Nel volume del Comitato celebrativo del Quarantotto Triestino quattro lavori si occupano della giornata del 23 Marzo:
Giuseppe Stefani include in un ampio studio, contenente documenti e appunti sul Quarantotto Triestino, un capitolo dedicato interamente al moto diretto da Orlandini.
Egualmente Camilla De Franceschi reca notizie rintracciate negli archivi di Venezia sul memorabile t entativo oltre che sugli altri avvenimenti dell'anno rivoluzionario.
Oscar de Incontrera, svolgendo la storia della Guardia Nazionale, viene a trattare pure del suo intervento per separare i due gruppi avversari in Piazza del Teatro.
L'autore di questo scritto pubblica uno studio dal titolo: Ispirazione mazziniana della tentata insurrezione del 23 Marzo 1848.
Riuscirono forse inutili, perché sfortunati, i quattro memorabili tentativi patriottici della storica prima ottava costituzionale di Marzo? No.
I quattro tentativi riuscirono proficui alla causa del Risorgimento nazionale, anche se fallirono ai loro fini immediati, perchè giovarono ad allenare gl'Italiani di Trieste su di un terreno di combattimento esplicitamente o implicitamente unitario, e quindi spiritualmente anti-austriaco.
Se i liberali e i repubblicani triestini avessero lasciato al solo austrofilo Kandler l'iniziativa di reclamare l'applicazione dei nuovi criteri costituzionali al Consiglio municipale e all'organo esecutivo del Comune, sarebbe rimasta la sua dichiarazione dì devozione e di attaccamento all'Austria, fatta al Governatore in nome del Consiglio, e non richiesta, quale espressione tacitamente approvata da tutti. Viceversa l'iniziativa di Gazzoletti e di Fontana, a nome dei liberali, presso il Preside del Magistrato Tommasini, servì a separare nettamente gli atteggiamenti del Kandler dalla dirittura dei patrioti detti Italianissimi.
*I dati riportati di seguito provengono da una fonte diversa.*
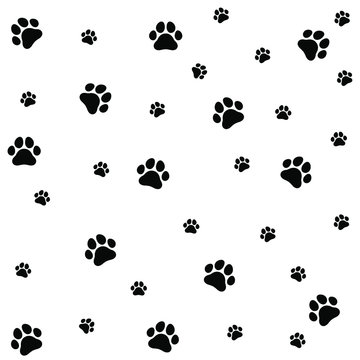 The footprint of an animal. Flat black and white icon.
Quella dirittura rimase d'esempio al partito liberale per settant'anni, fino al raggiungimento del fine nazionale unitario, nel 1918.
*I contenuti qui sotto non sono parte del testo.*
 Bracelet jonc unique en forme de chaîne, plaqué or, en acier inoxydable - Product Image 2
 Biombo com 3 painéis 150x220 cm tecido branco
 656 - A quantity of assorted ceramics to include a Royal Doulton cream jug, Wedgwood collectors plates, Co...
Nè inutile certamente vi fu l'istituzione della Guardia Nazionale da parte di Giulio Grassi, se pure tale istituzione sia stata neutralizzata dall'invasione della colonia tedesca, sorretta dagli organi governativi e assecondata dall'elemento retrivo. Le lotte sostenute nell'interno d'essa tra Italiani e stranieri riuscirono di scuola educatrice alla gioventù, orientando sempre più decisamente verso la fege nazionale i giovani che vi parteciparono. Se fosse mancato quel campo di lotta, tanti giovani sarebbero rimasti forse inerti, passivi spettatori di avvenimenti a loro quasi estranei.
La preparazione del Governo provvisorio repubblicano scavò un solco sempre più profondo tra l'anima della città orientata verso il Risorgimento nazionale e tra la dominazione austriaca, sempre più ostica agl'Italiani.
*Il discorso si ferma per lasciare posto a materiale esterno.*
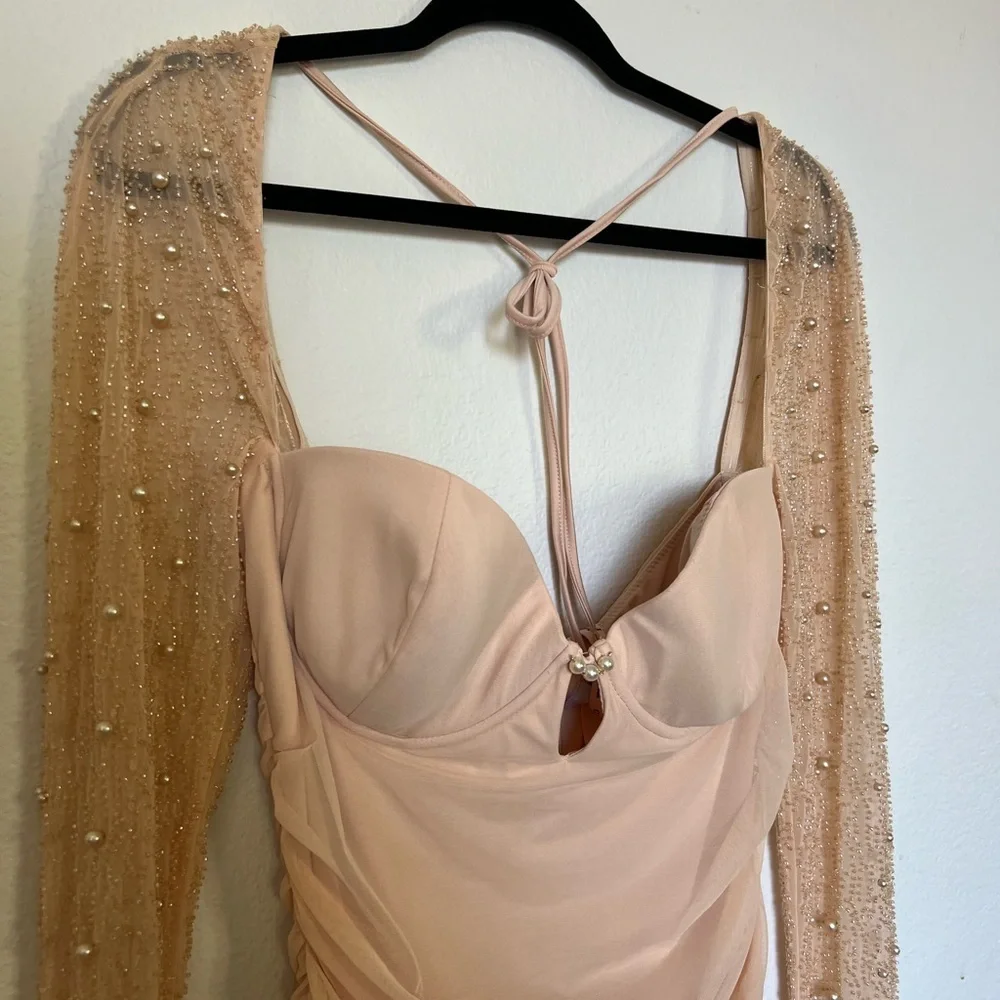 Oh Polly Peach Mesh Ruched Mini Dress - Picture 4 of 7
Infine la tentata insurrezione promossa da Orlandini confermò che gl'Italiani di Trieste avevano da affrontare avversari accaniti; ch'essi dovevano stringersi sempre più compatti fra di loro per impedire di esserè sopraffatti; che la salvezza della città, italiana di lingua, di spirito, di storia, di tradizioni, di aspirazioni, doveva essere riposta nell'unità politica nazionale, meta di una fede da conservare pura e ardente e da trasmettere alle generazioni future come un credo religioso, che esigeva la distruzione della detestata Monarchia austriaca, nemìca irriducibile dell'indipendenza e della potenza italiana.
In quei fervidi otto giorni di Marzo, dal 16 al 23, i patrioti a Trieste agirono intensamente, anche con altre manifestazioni oltre alle quattro qui passate in rassegna. E l'azione per la causa nazionale riesce sempre vantaggiosa, anche quando essa non raggiunga il suo fine immediato; mentre la inerzia scivola nell'apatia, e questa nell'indifferenza, ch'è la morte dell'anima non soltanto negli individui, ma anche nelle nazioni.